Your answer must be an exact transcription of the data, with every picture omitted.

━━━

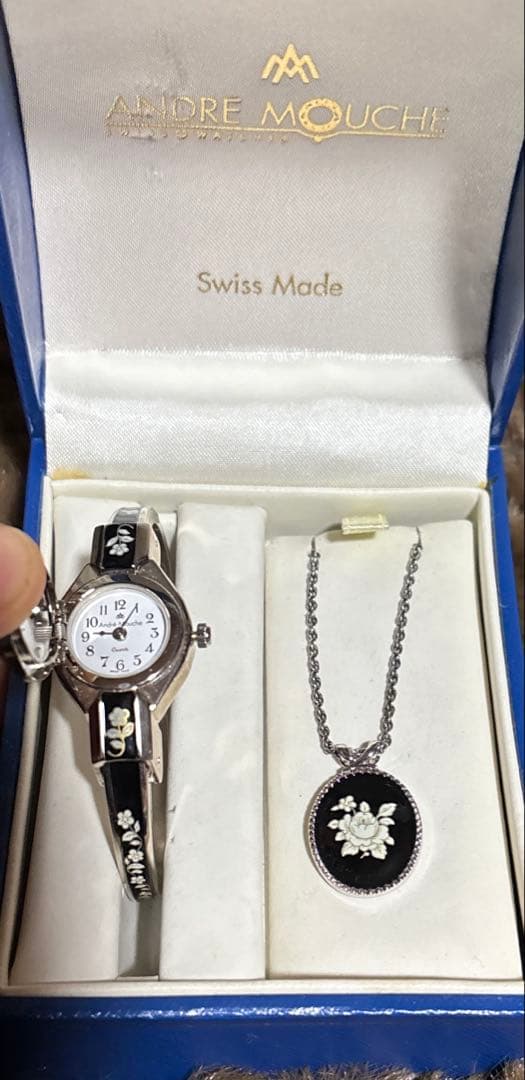 アンドレ ムッシュ (Andre Mouche) ブレスレット時計　ペンダント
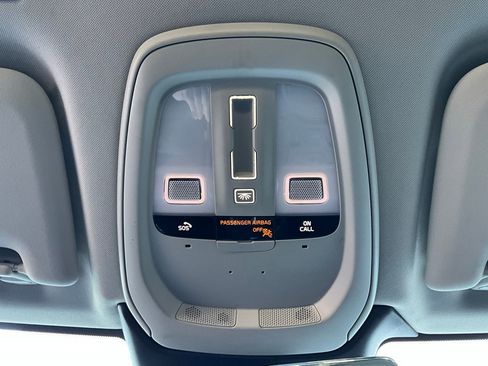 Used 2022 Volvo XC60 B5 Inscription w/ Advanced Package image 17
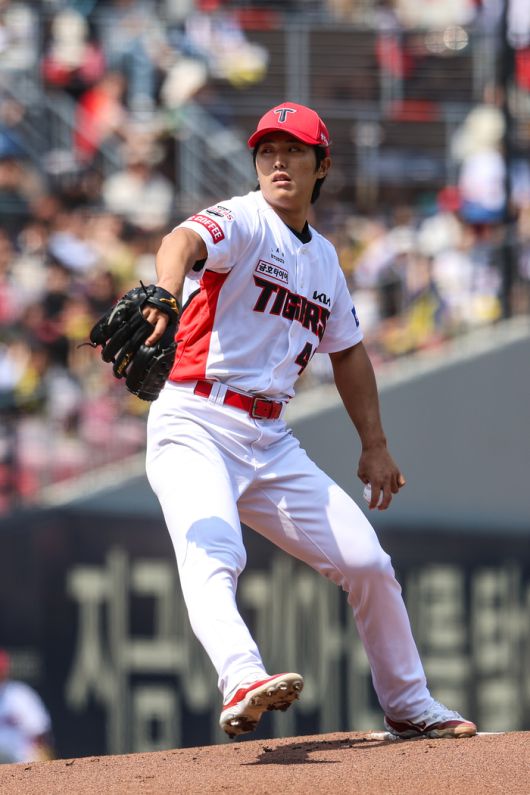 KIA 이의리가 광주-기아 챔피언스 필드에서 열린 2024 KBO리그 LG전에 선발 등판해 역투하고 있다. 사진 | KIA 타이거즈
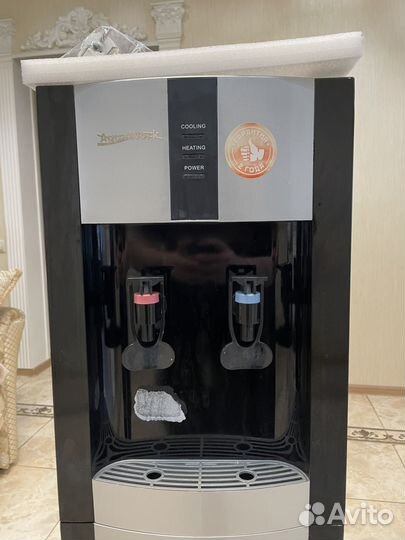 Кулер для воды напольный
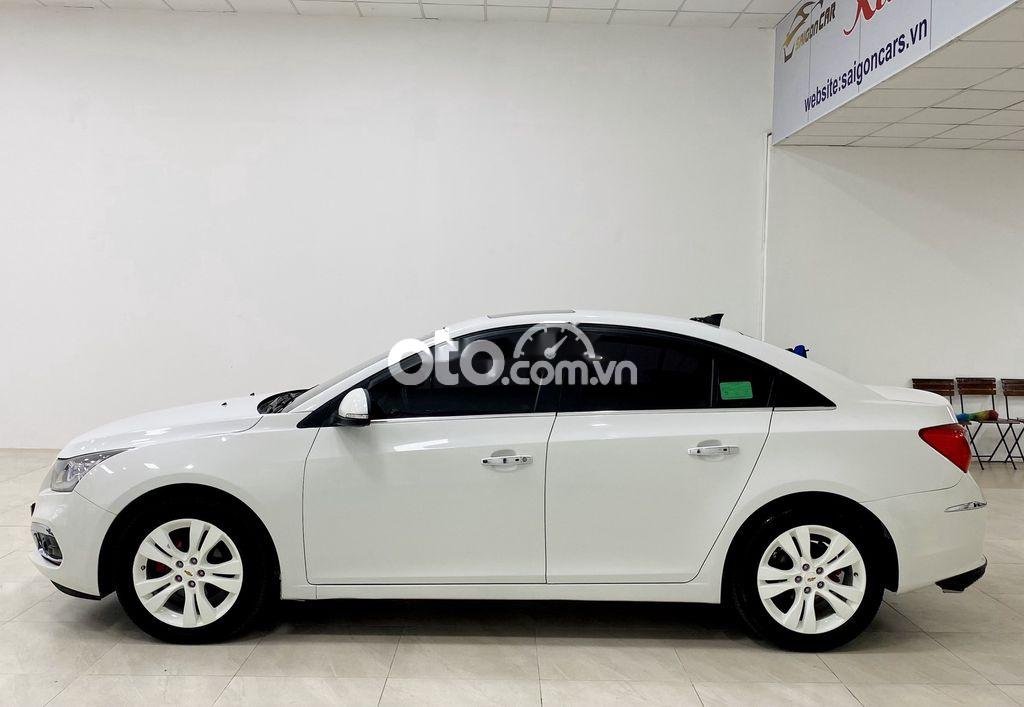 Chevrolet Cruze 2017 - Bán xe Chevrolet Cruze LTZ 1.8 sản xuất năm 2017, màu trắng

━━━

* Result of the exercise *
 アンドレ ムッシュ (Andre Mouche) ブレスレット時計　ペンダント
 Used 2022 Volvo XC60 B5 Inscription w/ Advanced Package image 17
 KIA 이의리가 광주-기아 챔피언스 필드에서 열린 2024 KBO리그 LG전에 선발 등판해 역투하고 있다. 사진 | KIA 타이거즈
 Кулер для воды напольный
 Chevrolet Cruze 2017 - Bán xe Chevrolet Cruze LTZ 1.8 sản xuất năm 2017, màu trắng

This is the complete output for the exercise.